On Humphreys’ proof of conjugacy of Borel subalgebras

lie-algebras

I am reading Humphreys’ Introduction to Lie Algebras and Representation Theory and have trouble understanding the first step of the proof of conjugacy of Borel subalgebras (§16.4).

Hereinafter $ L $ is a finite-dimensional semisimple Lie algebra over an algebraically closed field of characteristic $ 0 $.

Some Definitions and Facts

  • A Borel subalgebra of $ L $ is a maximal solvable subalgebra of $ L $.
  • Let $ H $ be a Cartan subalgebra of $ L $, $ \Phi $ be the root system of $ (L, H) $, and
    $$
    L = H \oplus \bigoplus_{\alpha \in \Phi} L_\alpha
    $$

    be the root space decomposition of $ L $. Fix a basis $ \Delta $ of $ \Phi $ and let
    \begin{align*}
    B(\Delta) &= H \oplus \bigoplus_{\alpha \succ 0} L_\alpha, \\
    N(\Delta) &= \bigoplus_{\alpha \succ 0} L_\alpha.
    \end{align*}

    $ B(\Delta) $ is called a standard Borel subalgebra of $ L $ (relative to $ H $).

Then, as stated in §16.3,

  1. $ N(\Delta) = [B(\Delta), B(\Delta)] $.
  2. $ B(\Delta) $ is a Borel subalgebra of $ L $, and $ N(\Delta) $ is a nilpotent subalgebra of $ L $. Moreover, we can see that $ \operatorname{ad}_L x $ is nilpotent for $ x \in N(\Delta) $.

Question

Fix a standard Borel subalgebra $ B $ of $ L $ and take an arbitrary Borel subalgebra $ B' $. Let
$$
N' = \{x \in B \cap B' \mid \text{$ \operatorname{ad}_L x $ is nilpotent}\},
$$

and consider the case that $ N' \neq 0 $. We can see that $ N' $ is an ideal in $ B \cap B' $ and that its normalizer $ K = N_L(N') $ is a proper subalgebra of $ L $ (p. 85, ll. 2–5). Next, Humphreys says that (p. 85, ll. 6–11. [[ ]] is by the quoter):

Next we show that $ B \cap B' $ is properly contained in both $ B \cap K $, $ B' \cap K $. For consider the action of $ N' $ on $ B/(B \cap B') $ induced by $ \operatorname{ad} $. Each $ x \in N' $ acts nilpotently on this vector space, so by Theorem 3.3 [[the main step of the proof of Engel’s Theorem]] there must exist nonzero $ y + (B \cap B') $ killed by all $ x \in N' $, i.e., such that $ [xy] \in B \cap B' $, $ y \notin B \cap B' $. But $ [xy] $ is also in $ [BB] $, so is nilpotent; this forces $ [xy] \in N' $, or $ y \in N_B(N') = B \cap K $, while $ y \notin B \cap B' $. Similarly, $ B \cap B' $ is properly contained in $ B' \cap K $.

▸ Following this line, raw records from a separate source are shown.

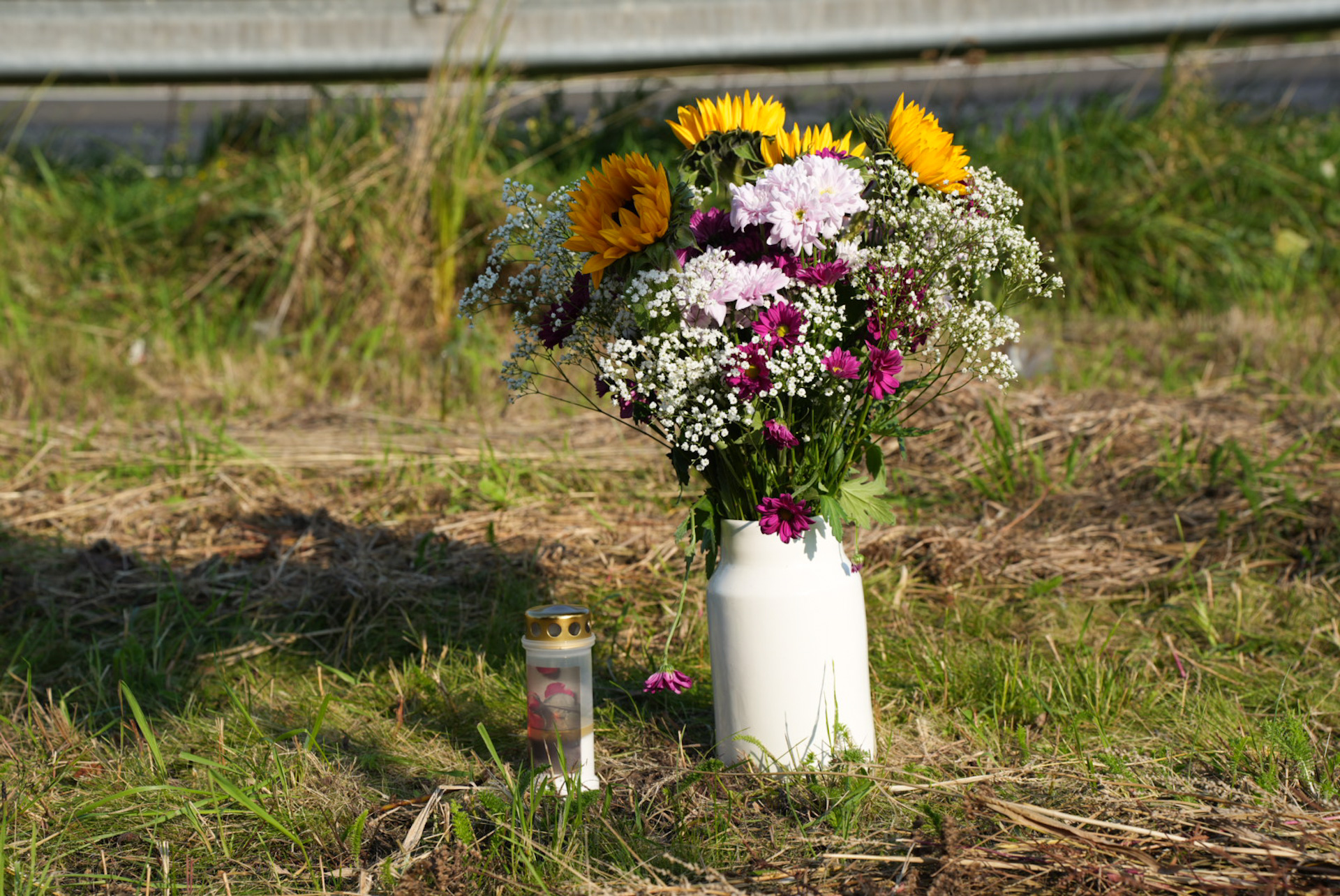 Bloemen neergelegd bij plek dodelijk ongeval waarbij vrouw snelweg over stak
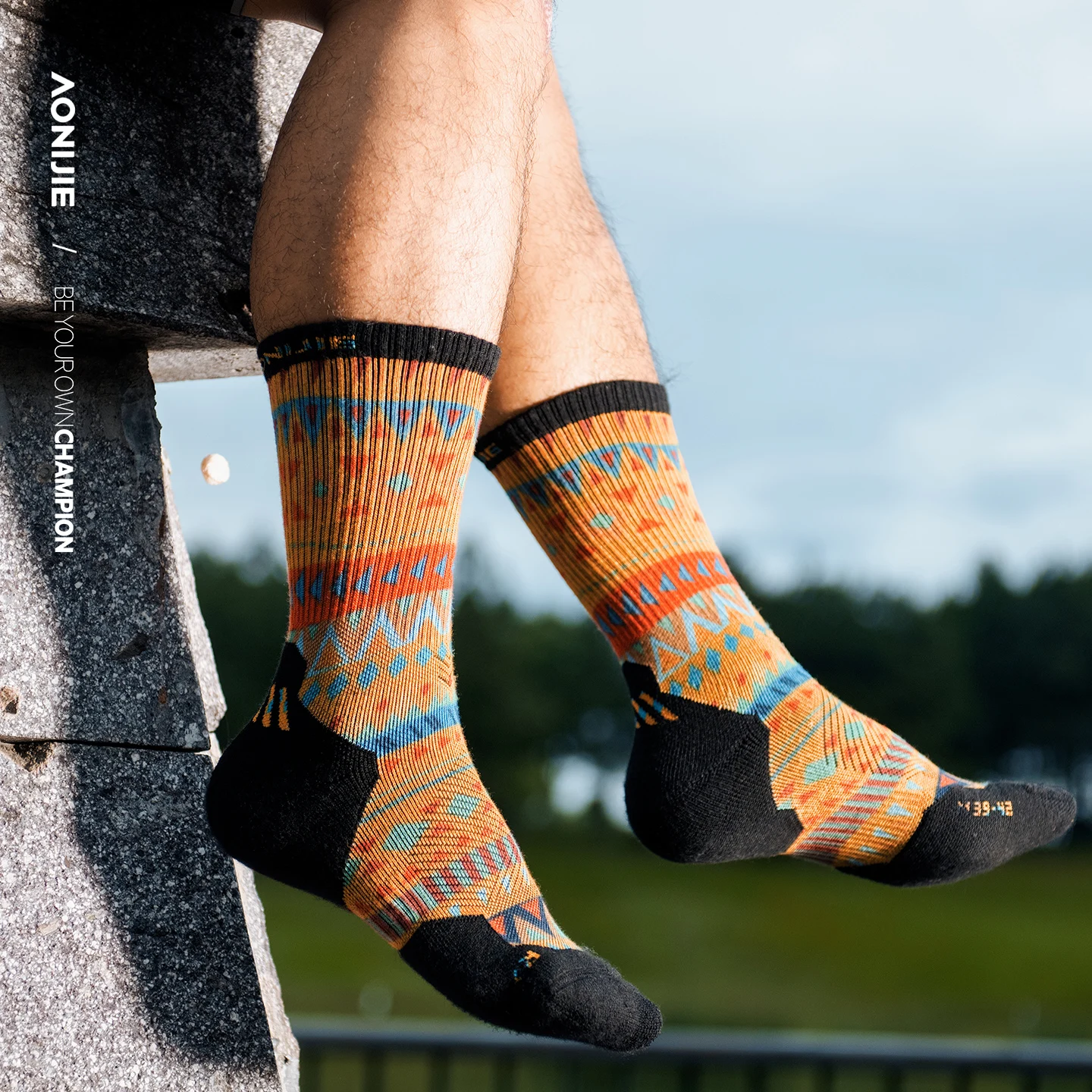 AONIJIE Kaus Kaki Wol Luar Rua - Wool Hiking Sock ulasan dan harga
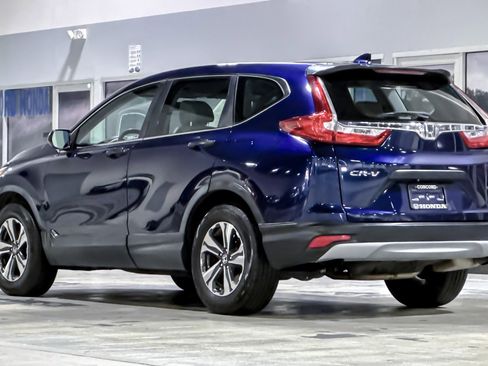 Used 2019 Honda CR-V LX image 3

I have trouble understanding the last sentence “Similarly, $ B \cap B' $ is properly contained in $ B' \cap K $; it seems to me that we use the fact that $ B $ is standard in “$ [xy] $ is also in $ [BB] $, so is nilpotent” and that this argument is no longer valid when $ B $ is replaced by $ B' $.

Best Answer

I also thought that I need the condition that B is standard Borel for that part. However, it turned out that the only condition I need is that B is solvable.

Lie's Theorem (4.1 in Humphreys' book) says that a solvable Lie subalgebra of $\mathfrak{gl}(V)$ for a finite dimensional vector space $V$ must be contained in the Lie algebra of upper triangular matrices with respect to some basis of $V$. We can apply this on the solvable Lie algebra $\text{ad}_L B$. Then $[\text{ad}_L B, \text{ad}_L B]=\text{ad}_L [B,B]$ must be strictly upper triangular, so the elements of $[B,B]$ are nilpotent in $L$.